Dark Phoenix has the unique opportunity here, in contrast to many other Marvel properties, in the fact that its villain and protagonist are in fact the same person – if you ignore the slightly inconvenient extra-terrestrial Vuk (Jessica Chastain). The emotional exploration of Jean (Sophie Turner) throughout the film is extraordinary. Turner definitely rises to the challenge, however, navigating the switches in Jean’s personality masterfully and portraying her confusion and heartbreak over her own actions with seeming ease.

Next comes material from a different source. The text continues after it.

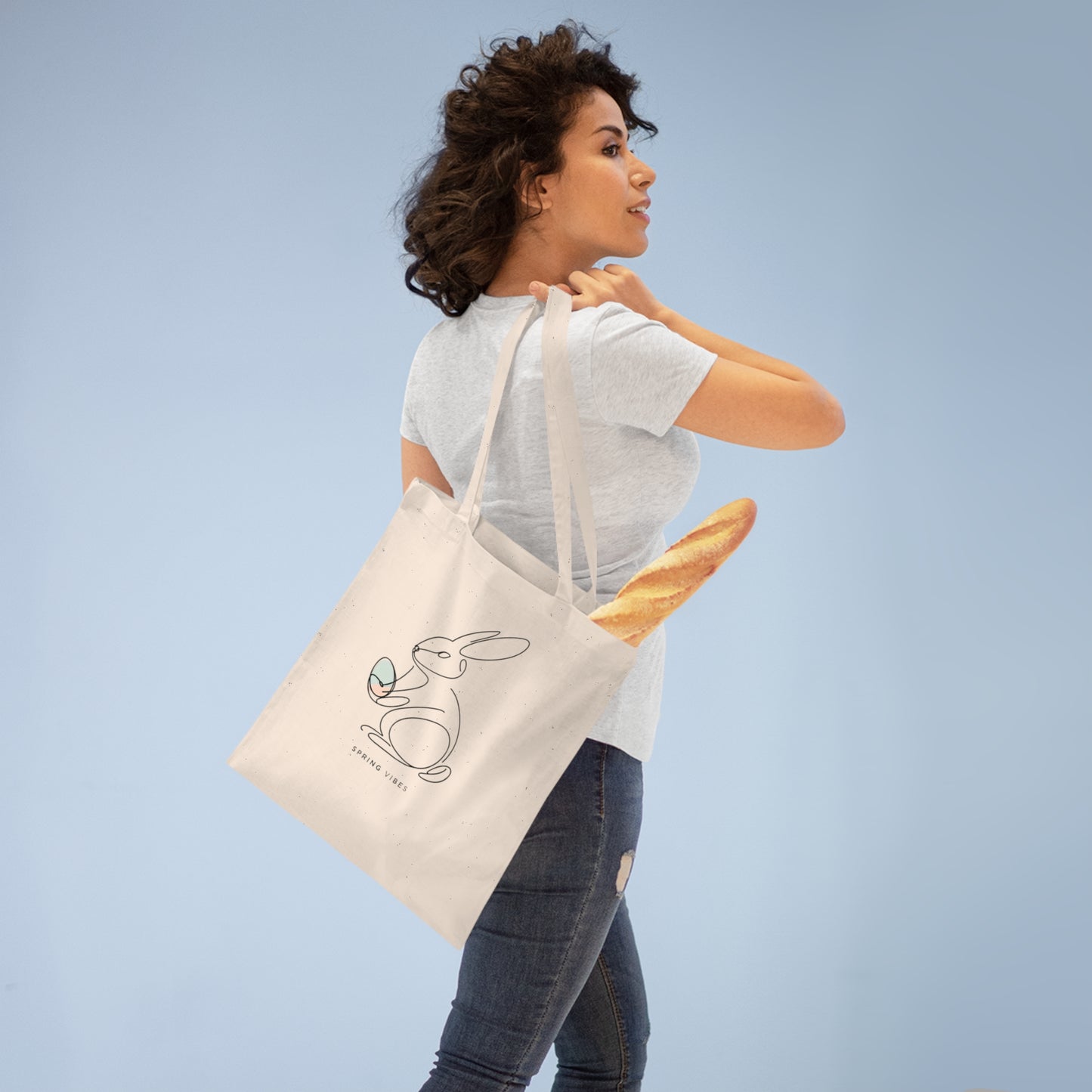 Spring Vibes Bunny Tote Bag - Eco-Friendly Shopping Bag for Easter & Everyday Use Ostern Stofftasche mit Hase – Süß & Stylisch für den Frühling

The film opens with Xavier (James McAvoy) accepting a mission on behalf of the X-Men (despite the protestations of team leader Mystique (Jennifer Lawrence) that it is too dangerous) to rescue a group of astronauts on a space mission gone wrong. We are treated to a brilliant glimpse of the united X-Men in action, with Mystique masterfully commanding each of her team – Storm (Alexandra Shipp), Nightcrawler (Kodi Smit-McPhee), Quicksilver (Evan Peters), Cyclops (Tye Sheridan), Jean and Beast (Nicholas Hoult) – to successfully rescue the group of astronauts as an oncoming cosmic force threatens the ship. Mystique is eager to retreat with all but one of the astronauts, but Xavier is adamant that all must be rescued, leading to Jean absorbing the massive cosmic energy force and suffering the extreme ramifications of this.
As well as being an incredibly strong opening, with stunning visual effects used to render all of the superheroes’ powers, this sets up the conflict that lasts the entire film and is explored in depth. Xavier’s decisions in particular are scrutinised and analysed by the X-Men throughout the film. Mystique confronts Xavier for his actions, claiming that he is more interested in human life than protecting the lives of his own team and that he is driven to achieve the adoration of humankind. It is an argument that doesn’t necessarily have a “right” side, but I am intrigued by this film’s willingness to portray Xavier – who has often been sympathetically played – as narcissistic and manipulative. It is largely through Mystique’s eyes that we see this side of Charles, and her discontent almost leads to her leaving the X-Men.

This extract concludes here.